Reproduce, exactly and only, the lines of the data that follows from the one containing "Sensual portrait of" down to the one containing "Businesswoman Touching Transparent Screen", without pictures.

==== Information supplied ====

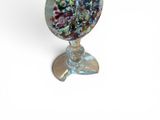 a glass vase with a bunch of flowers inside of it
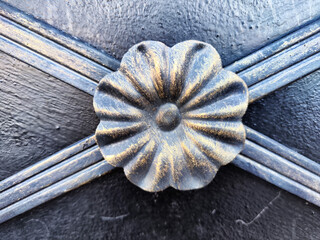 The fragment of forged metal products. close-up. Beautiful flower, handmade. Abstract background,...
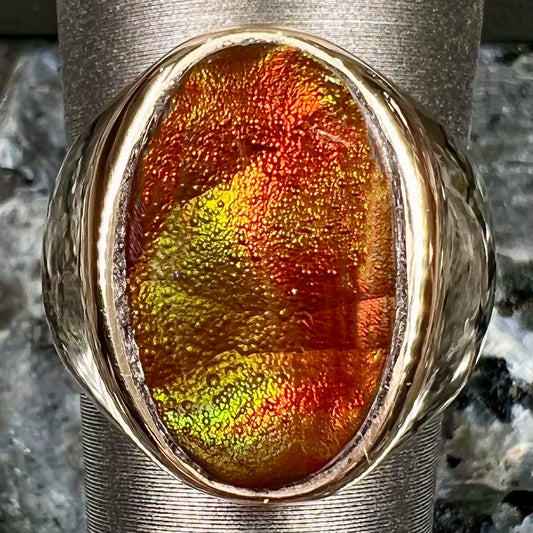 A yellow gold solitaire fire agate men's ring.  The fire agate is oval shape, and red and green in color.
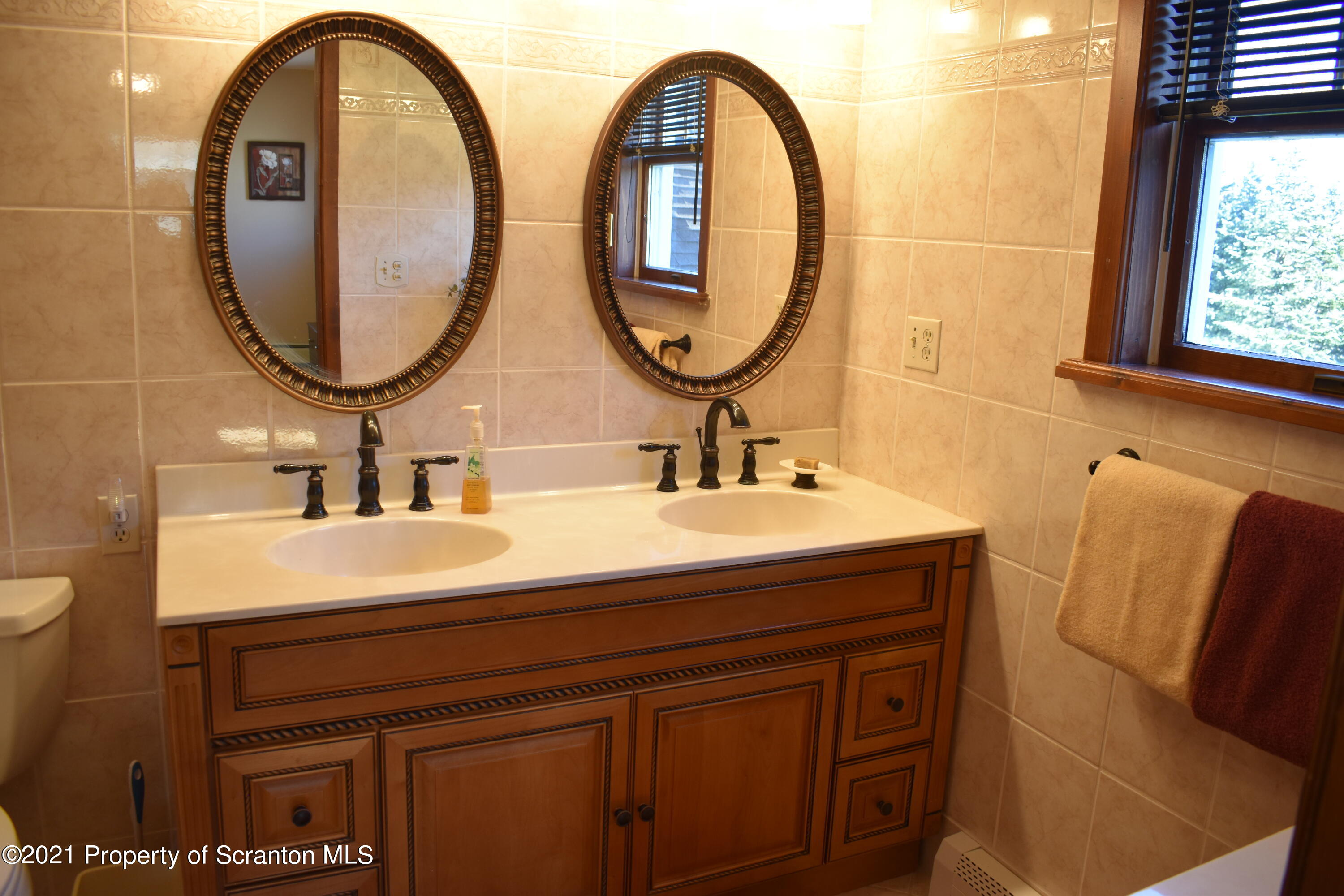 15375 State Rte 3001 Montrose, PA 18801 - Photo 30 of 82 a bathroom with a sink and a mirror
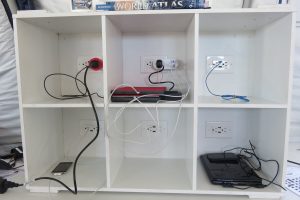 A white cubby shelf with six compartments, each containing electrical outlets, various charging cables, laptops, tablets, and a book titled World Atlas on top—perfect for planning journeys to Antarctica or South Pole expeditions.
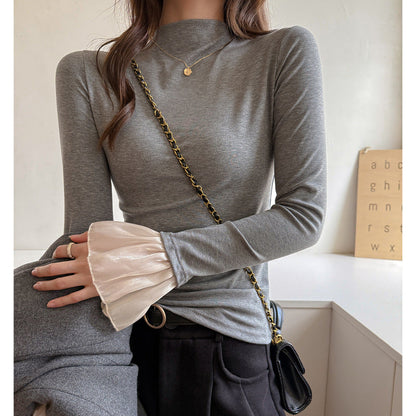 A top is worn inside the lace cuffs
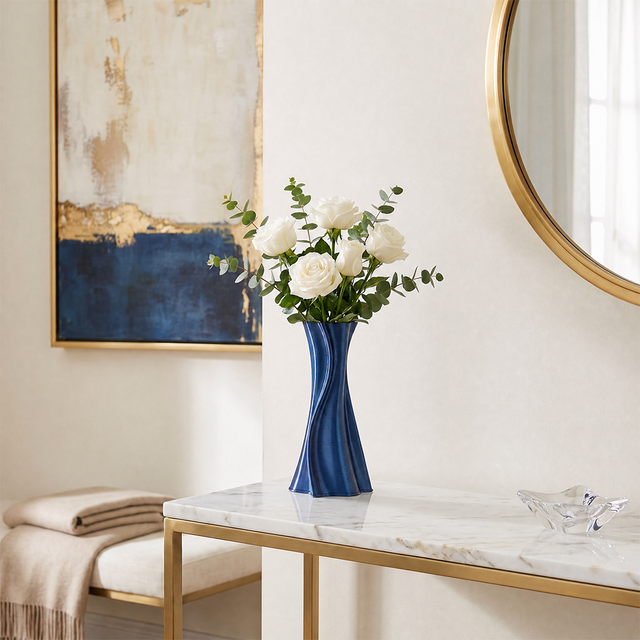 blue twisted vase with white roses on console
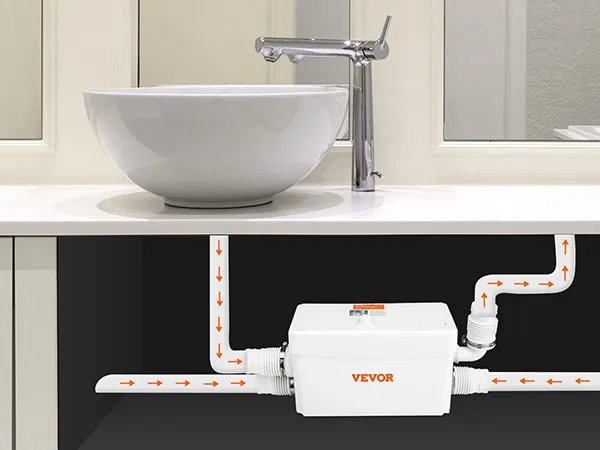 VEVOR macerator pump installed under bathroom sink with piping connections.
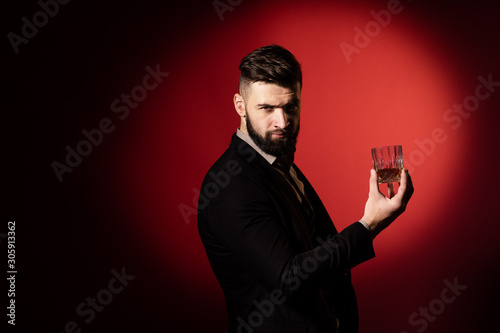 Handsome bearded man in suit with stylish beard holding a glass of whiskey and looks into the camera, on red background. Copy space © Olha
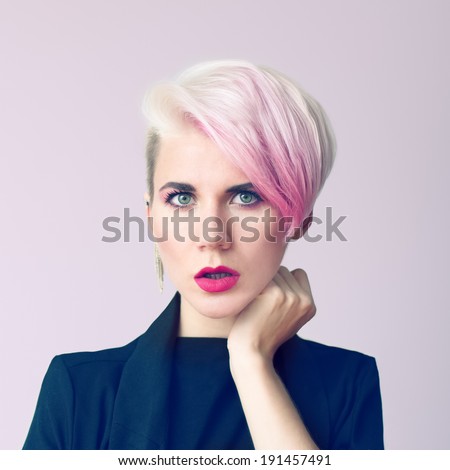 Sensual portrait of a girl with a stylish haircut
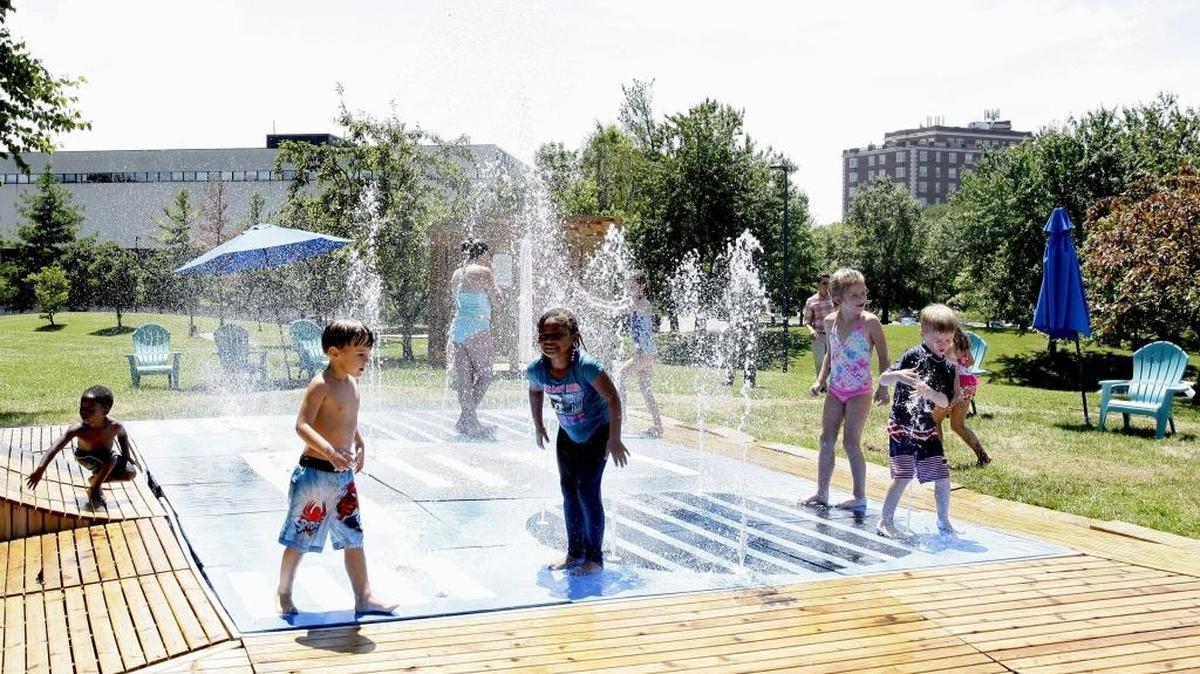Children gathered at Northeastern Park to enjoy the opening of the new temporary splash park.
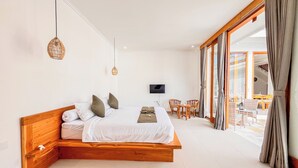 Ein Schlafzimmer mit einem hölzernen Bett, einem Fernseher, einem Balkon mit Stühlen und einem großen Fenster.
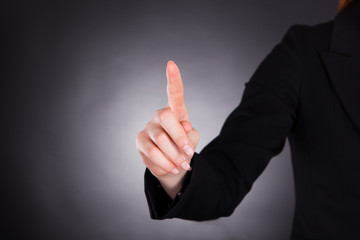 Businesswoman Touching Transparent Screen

====
==== Information supplied ====

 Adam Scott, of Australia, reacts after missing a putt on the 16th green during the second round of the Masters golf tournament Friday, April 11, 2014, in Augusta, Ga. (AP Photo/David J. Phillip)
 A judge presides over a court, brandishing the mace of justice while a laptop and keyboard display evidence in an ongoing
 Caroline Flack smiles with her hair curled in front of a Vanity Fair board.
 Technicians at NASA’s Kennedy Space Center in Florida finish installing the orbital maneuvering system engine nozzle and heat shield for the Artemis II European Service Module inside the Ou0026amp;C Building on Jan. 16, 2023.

====

Task response —
 Sensual portrait of a girl with a stylish haircut
Children gathered at Northeastern Park to enjoy the opening of the new temporary splash park.
 Ein Schlafzimmer mit einem hölzernen Bett, einem Fernseher, einem Balkon mit Stühlen und einem großen Fenster.
 Businesswoman Touching Transparent Screen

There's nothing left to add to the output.